- _EXERCISE DIRECTIONS_
Below are the entries; give again exactly the lines from the one mentioning "Burberry Natural Check-Pattern" through the one mentioning "Oltra, entrenador del", inclusive.

-- Opening Marker --

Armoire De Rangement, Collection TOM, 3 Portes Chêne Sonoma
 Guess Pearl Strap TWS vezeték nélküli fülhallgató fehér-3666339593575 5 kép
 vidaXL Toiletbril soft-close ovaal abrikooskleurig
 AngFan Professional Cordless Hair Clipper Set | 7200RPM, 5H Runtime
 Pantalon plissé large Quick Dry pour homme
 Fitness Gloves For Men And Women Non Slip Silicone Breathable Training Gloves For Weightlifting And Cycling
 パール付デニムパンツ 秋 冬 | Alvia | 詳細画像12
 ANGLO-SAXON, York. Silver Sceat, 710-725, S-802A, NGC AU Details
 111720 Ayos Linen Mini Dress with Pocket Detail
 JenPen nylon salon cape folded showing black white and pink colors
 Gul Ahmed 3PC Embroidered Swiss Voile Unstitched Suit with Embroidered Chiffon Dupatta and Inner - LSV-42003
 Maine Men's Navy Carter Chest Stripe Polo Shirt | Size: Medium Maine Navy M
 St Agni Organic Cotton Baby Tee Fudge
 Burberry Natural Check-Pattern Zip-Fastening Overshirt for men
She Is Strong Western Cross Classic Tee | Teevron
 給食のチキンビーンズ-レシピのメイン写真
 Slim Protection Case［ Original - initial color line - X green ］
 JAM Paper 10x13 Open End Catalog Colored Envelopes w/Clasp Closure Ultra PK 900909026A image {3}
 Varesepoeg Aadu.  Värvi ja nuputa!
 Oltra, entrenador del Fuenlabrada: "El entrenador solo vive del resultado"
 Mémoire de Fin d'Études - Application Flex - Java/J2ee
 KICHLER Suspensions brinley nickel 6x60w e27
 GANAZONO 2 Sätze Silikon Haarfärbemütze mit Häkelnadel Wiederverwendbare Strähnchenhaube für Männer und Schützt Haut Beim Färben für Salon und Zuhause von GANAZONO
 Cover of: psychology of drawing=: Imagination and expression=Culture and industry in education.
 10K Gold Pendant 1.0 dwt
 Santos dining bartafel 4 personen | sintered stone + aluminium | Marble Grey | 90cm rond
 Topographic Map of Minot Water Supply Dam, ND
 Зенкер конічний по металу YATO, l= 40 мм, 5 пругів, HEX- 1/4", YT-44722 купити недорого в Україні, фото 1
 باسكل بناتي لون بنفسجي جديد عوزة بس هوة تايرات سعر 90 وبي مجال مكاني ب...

-- Closing Marker --

- _EXERCISE OUTPUT_
 Burberry Natural Check-Pattern Zip-Fastening Overshirt for men
She Is Strong Western Cross Classic Tee | Teevron
 給食のチキンビーンズ-レシピのメイン写真
 Slim Protection Case［ Original - initial color line - X green ］
 JAM Paper 10x13 Open End Catalog Colored Envelopes w/Clasp Closure Ultra PK 900909026A image {3}
 Varesepoeg Aadu.  Värvi ja nuputa!
 Oltra, entrenador del Fuenlabrada: "El entrenador solo vive del resultado"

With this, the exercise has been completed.